Elkins said that even with the HCP guidelines, liquidation logging continues to occur at "breakneck speeds" which are bad for people and wildlife.
PL questions the idea that logging is occurring at "breakneck" speed. The company's log decks are low, and last year it logged "substantially less" than the 176 million board feet allocated to it under the Headwaters agreement. Laid-off loggers and contracted truckers recently protested CDF's slow approval of timber plans.
"We're very disappointed in that we expected, and were promised, a more streamlined process, and a certain and consistant supply of logs," PL's CEO Campbell said. "That has not occurred."
The company is also growing its milling capacity by two mills, adding to the four it has by the expected purchase of Eel River Sawmills Inc. Whether the company can really keep that many saws turning with the number of logs it's felling -- it has been importing logs for this purpose -- is anybody's guess.
"It's time for anti-forestry activists to get off their tired horse and participate in the process, and be dedicated to finding solutions," said California Forestry Association spokesman Chris Nance.
Nance said that the activists are "out of step with main stream thinking," and instead of cooperating to make things better have committed themselves to destroying the Headwaters agreement.
The Reserve
While the progress of the agreement is up in the air, something of a jewel shines in the rubble: the reserve itself.
The $480 million went to purchase the main 7,400-acre reserve outside Fortuna, and two smaller parcels: the 1,200-acre Owl Creek -- just bought for $67 million -- and the approximately 1,000-acre Grizzly Creek, which has yet to be exchanged.
The U.S. Bureau of Land Management has been allowing limited access into the Headwaters reserve, and plans are being developed on just how the public should be allowed to use it.
Last year, more than 2,500 visitors signed in at the Elk River trail head at the north end of the reserve. The bureau reports that 78 percent of those were Humboldt County residents. About 600 people signed up for guided hikes at the southern end of the reserve, where one can come close to the big trees of Headwaters lore.

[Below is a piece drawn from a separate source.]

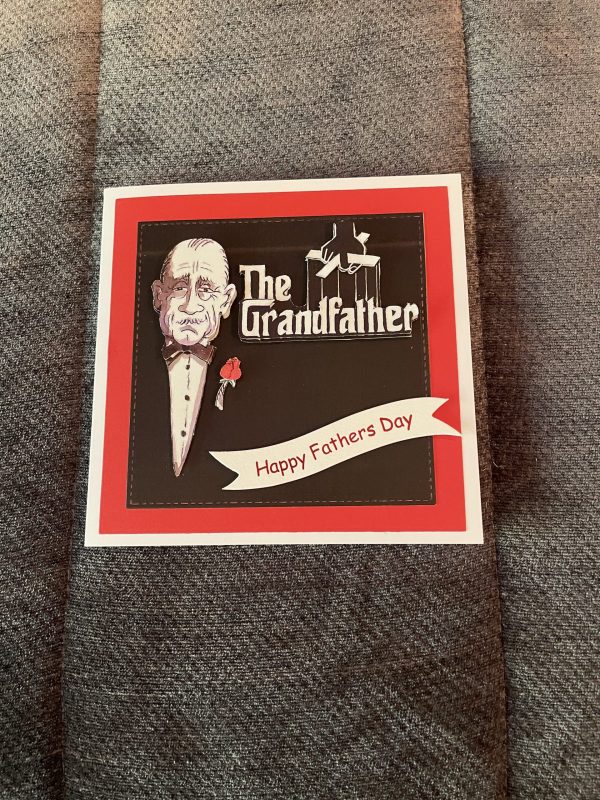 The grandfather themed birthday card | 3d handmade Father’s Day card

"There are some trying times, of course," said bureau resource specialist Dan Averil, who said that he believes the purchase was a good deal.
Protection of habitat for federally protected marbled murrelets and the northern spotted owls is being achieved, Averil said. And still, there has not been a fence put around it to lock it up, he said. The ecological sanctuary, Averil said, is an opportunity to educate the public, too.
Perhaps it's just too early to tell, too soon to know what the complicated agreement really meant. Doubtless, it's imperative that solutions be found to the ongoing disputes. What those solutions are, not surprisingly, would depend on who you ask.